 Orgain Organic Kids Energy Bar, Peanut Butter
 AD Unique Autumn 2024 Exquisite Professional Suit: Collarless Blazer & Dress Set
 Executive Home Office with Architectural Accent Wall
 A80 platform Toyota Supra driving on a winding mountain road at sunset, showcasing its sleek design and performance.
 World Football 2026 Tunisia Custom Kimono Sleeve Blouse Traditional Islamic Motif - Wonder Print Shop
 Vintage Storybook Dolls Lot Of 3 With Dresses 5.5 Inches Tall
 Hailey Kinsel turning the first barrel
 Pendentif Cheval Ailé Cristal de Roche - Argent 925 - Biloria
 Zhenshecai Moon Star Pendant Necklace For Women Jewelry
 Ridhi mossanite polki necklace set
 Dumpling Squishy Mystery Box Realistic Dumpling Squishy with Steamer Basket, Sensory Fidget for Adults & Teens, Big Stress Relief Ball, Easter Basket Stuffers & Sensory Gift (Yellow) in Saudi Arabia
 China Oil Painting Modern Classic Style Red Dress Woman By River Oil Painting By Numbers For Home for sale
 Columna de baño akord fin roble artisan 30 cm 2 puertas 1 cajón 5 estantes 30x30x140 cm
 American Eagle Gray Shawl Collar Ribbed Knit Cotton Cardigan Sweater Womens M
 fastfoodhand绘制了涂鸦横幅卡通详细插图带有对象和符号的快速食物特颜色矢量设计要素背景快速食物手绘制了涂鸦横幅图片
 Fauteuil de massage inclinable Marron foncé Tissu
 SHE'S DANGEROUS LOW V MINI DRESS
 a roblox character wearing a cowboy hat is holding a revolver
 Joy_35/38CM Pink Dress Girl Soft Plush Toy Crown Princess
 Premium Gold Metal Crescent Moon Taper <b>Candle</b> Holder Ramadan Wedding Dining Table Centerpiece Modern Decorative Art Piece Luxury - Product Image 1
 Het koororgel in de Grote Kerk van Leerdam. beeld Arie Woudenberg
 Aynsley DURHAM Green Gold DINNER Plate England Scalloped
- - -
» WHAT IS BEING ASKED
Using the data above, transcribe the lines that run from the line with "Columna de baño" to the line with "Joy_35/38CM Pink Dress", both ends kept, and output nothing else.

» REPLY TO THE TASK
 Columna de baño akord fin roble artisan 30 cm 2 puertas 1 cajón 5 estantes 30x30x140 cm
 American Eagle Gray Shawl Collar Ribbed Knit Cotton Cardigan Sweater Womens M
 fastfoodhand绘制了涂鸦横幅卡通详细插图带有对象和符号的快速食物特颜色矢量设计要素背景快速食物手绘制了涂鸦横幅图片
 Fauteuil de massage inclinable Marron foncé Tissu
 SHE'S DANGEROUS LOW V MINI DRESS
 a roblox character wearing a cowboy hat is holding a revolver
 Joy_35/38CM Pink Dress Girl Soft Plush Toy Crown Princess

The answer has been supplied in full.